* **Work required**
What is needed is an exact copy of the lines in the entries below from the one holding "When flowers bloom" through the one holding "This is the power", pictures excluded.

* **Data records**
· · ·
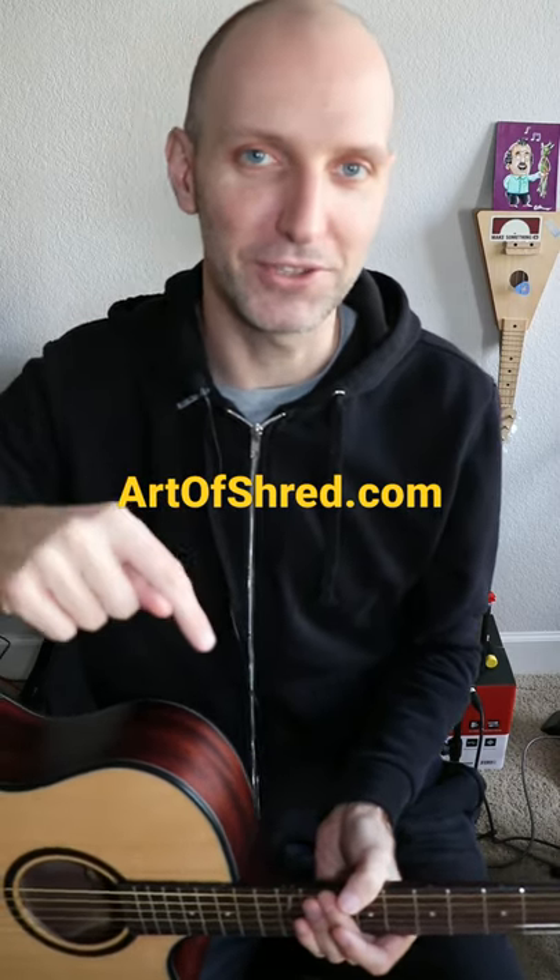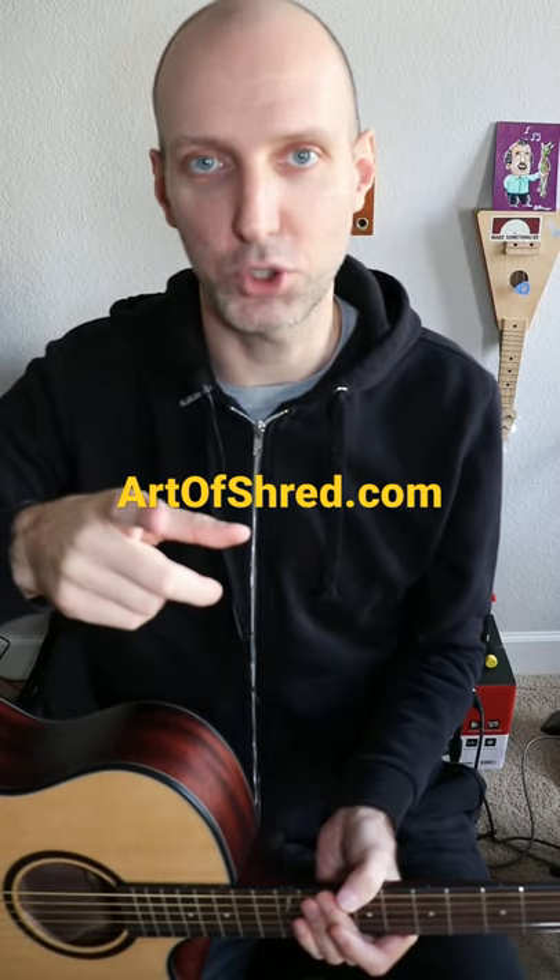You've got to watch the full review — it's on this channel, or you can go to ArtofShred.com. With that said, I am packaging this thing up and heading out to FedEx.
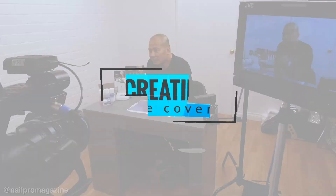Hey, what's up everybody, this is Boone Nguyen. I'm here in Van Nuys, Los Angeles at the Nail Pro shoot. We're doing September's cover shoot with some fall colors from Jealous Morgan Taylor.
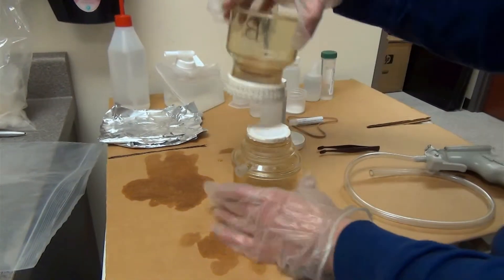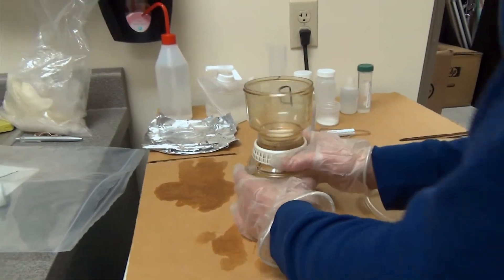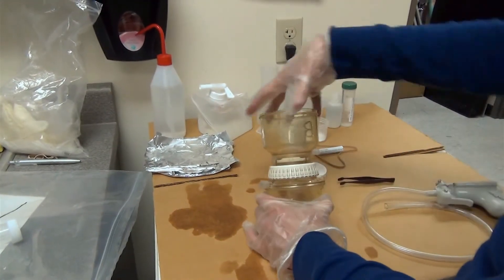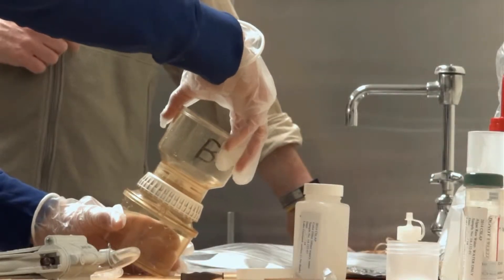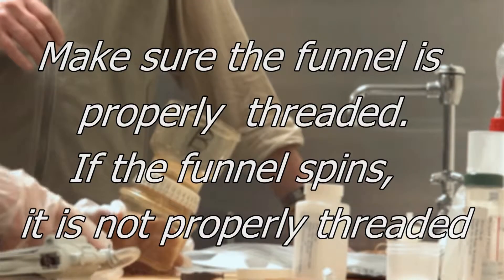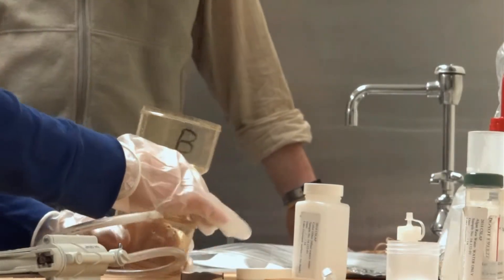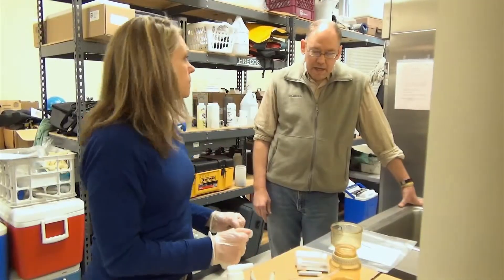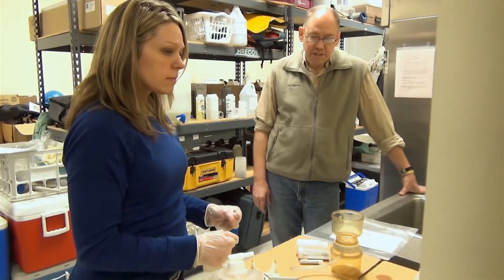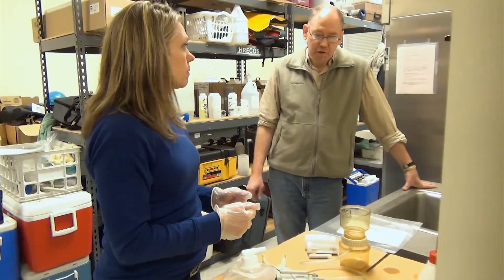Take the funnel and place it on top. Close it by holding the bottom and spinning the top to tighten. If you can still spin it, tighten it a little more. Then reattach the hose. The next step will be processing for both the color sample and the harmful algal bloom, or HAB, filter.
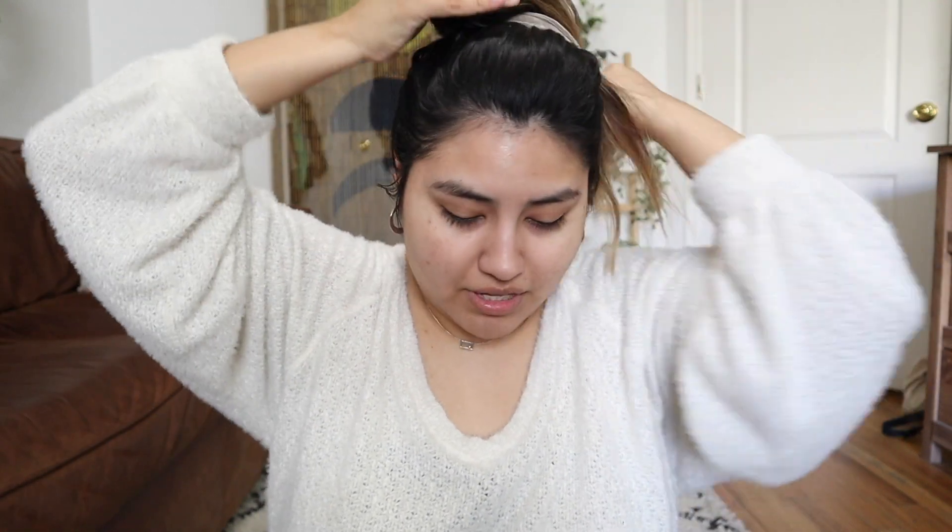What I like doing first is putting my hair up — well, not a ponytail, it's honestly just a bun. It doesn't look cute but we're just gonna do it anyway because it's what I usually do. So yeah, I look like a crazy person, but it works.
· · ·
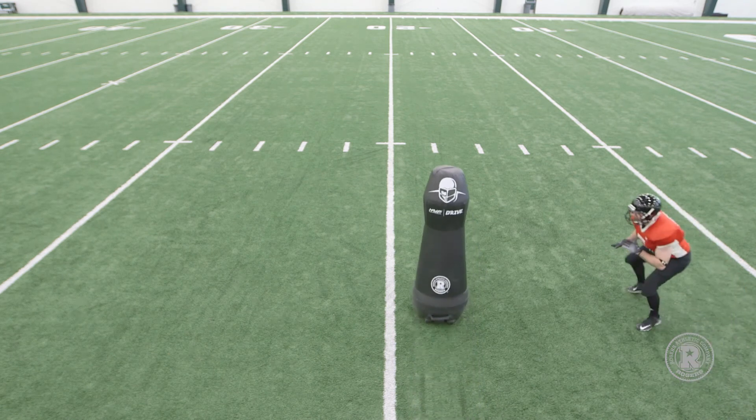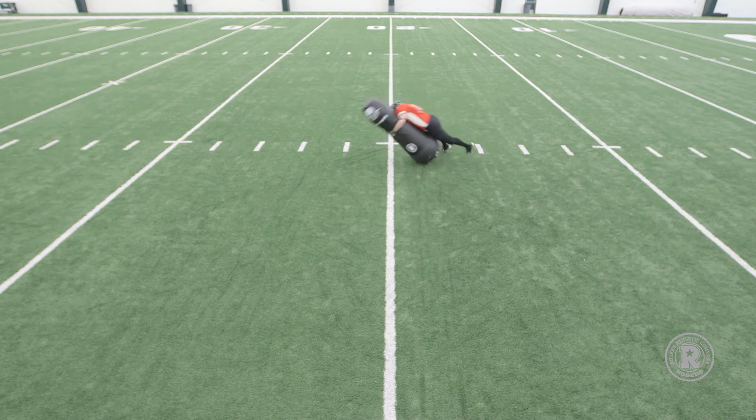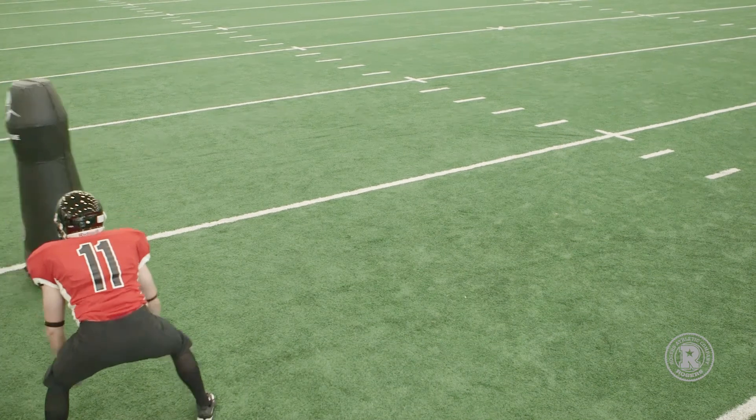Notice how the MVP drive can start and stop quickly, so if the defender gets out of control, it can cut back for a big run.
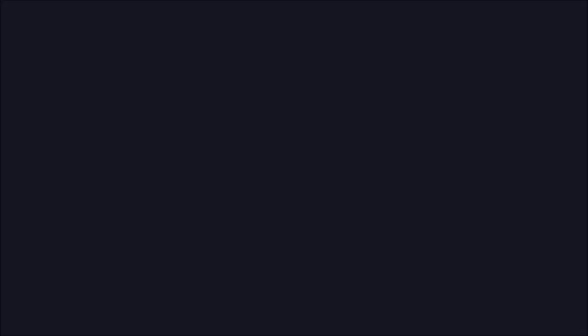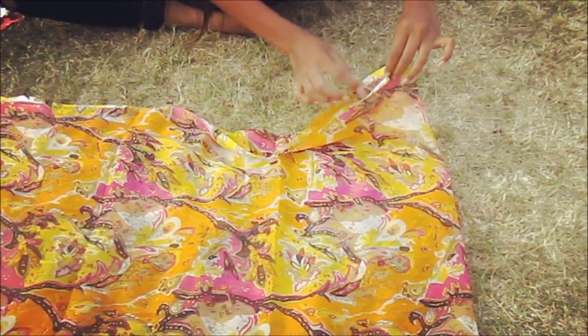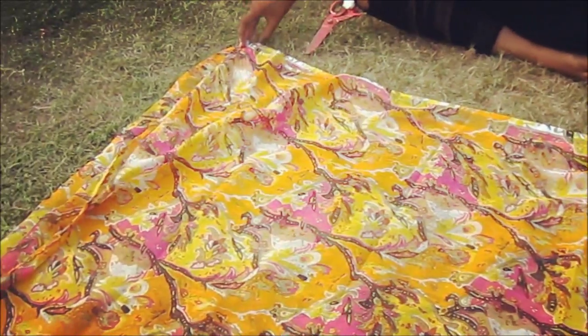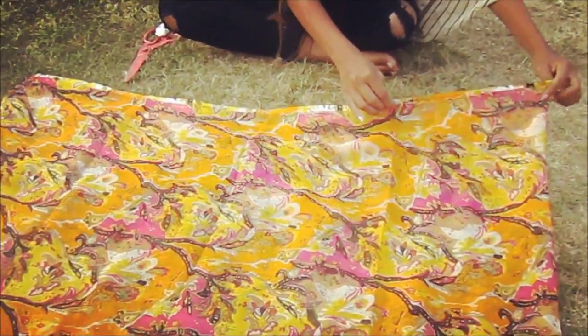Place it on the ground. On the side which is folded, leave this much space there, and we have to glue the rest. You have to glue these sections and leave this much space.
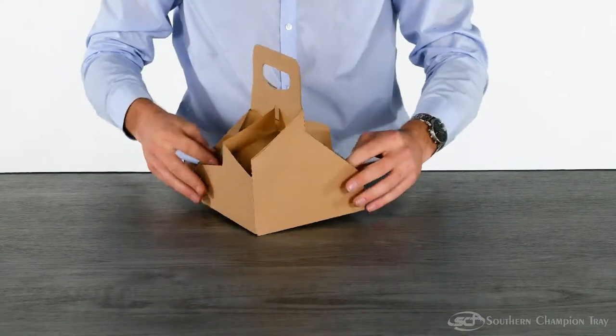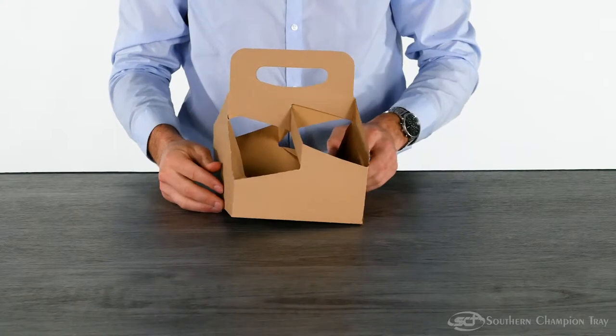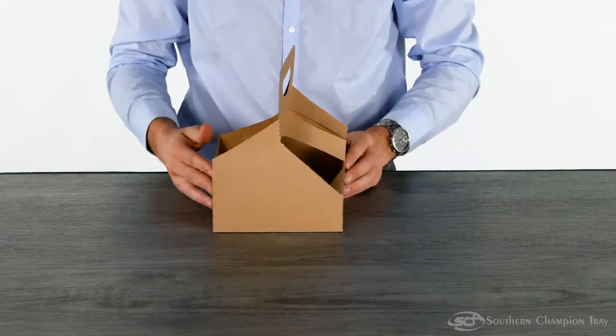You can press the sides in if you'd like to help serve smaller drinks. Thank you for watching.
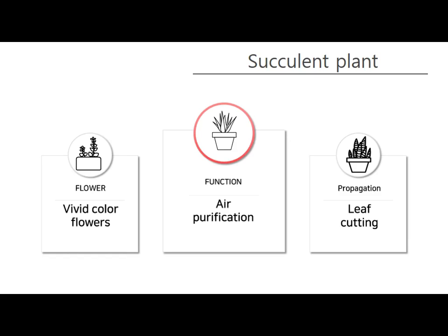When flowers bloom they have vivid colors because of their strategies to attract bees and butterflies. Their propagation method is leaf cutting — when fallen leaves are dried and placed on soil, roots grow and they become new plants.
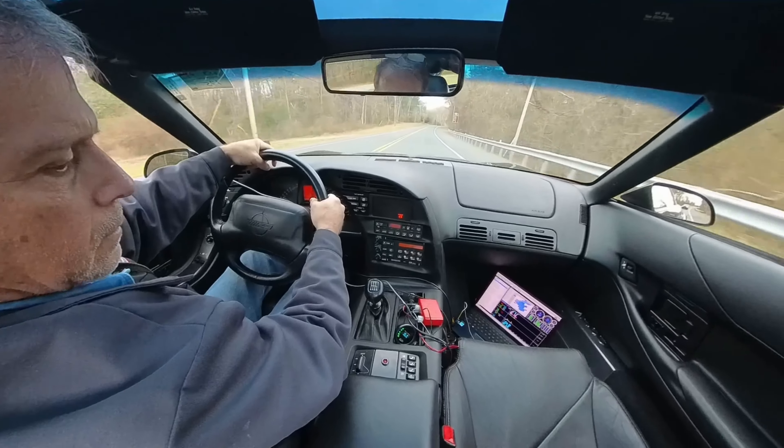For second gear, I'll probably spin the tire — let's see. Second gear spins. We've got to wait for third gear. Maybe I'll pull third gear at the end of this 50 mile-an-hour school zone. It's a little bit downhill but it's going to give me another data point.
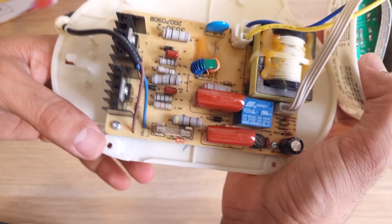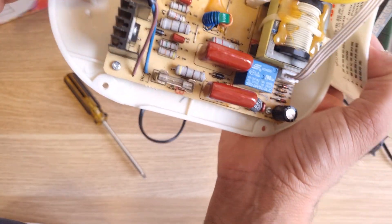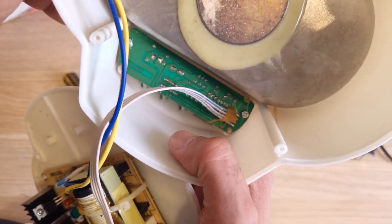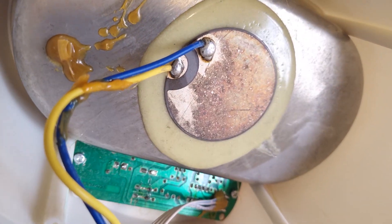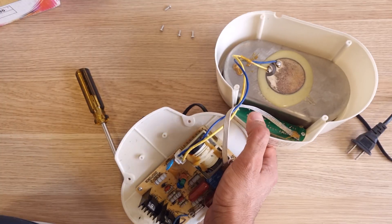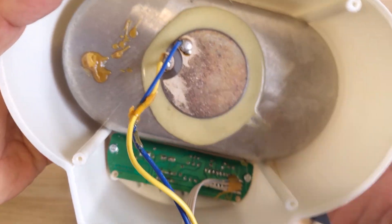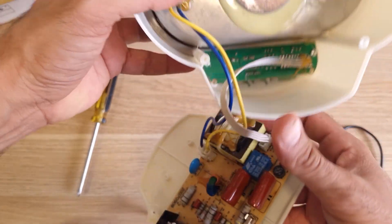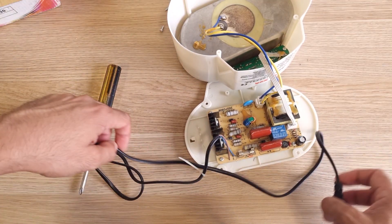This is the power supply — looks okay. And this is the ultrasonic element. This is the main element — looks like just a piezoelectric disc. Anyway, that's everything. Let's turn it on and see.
· · ·
* **Task answer**
When flowers bloom they have vivid colors because of their strategies to attract bees and butterflies. Their propagation method is leaf cutting — when fallen leaves are dried and placed on soil, roots grow and they become new plants.
For second gear, I'll probably spin the tire — let's see. Second gear spins. We've got to wait for third gear. Maybe I'll pull third gear at the end of this 50 mile-an-hour school zone. It's a little bit downhill but it's going to give me another data point.
This is the power supply — looks okay. And this is the ultrasonic element. This is the main element — looks like just a piezoelectric disc. Anyway, that's everything. Let's turn it on and see.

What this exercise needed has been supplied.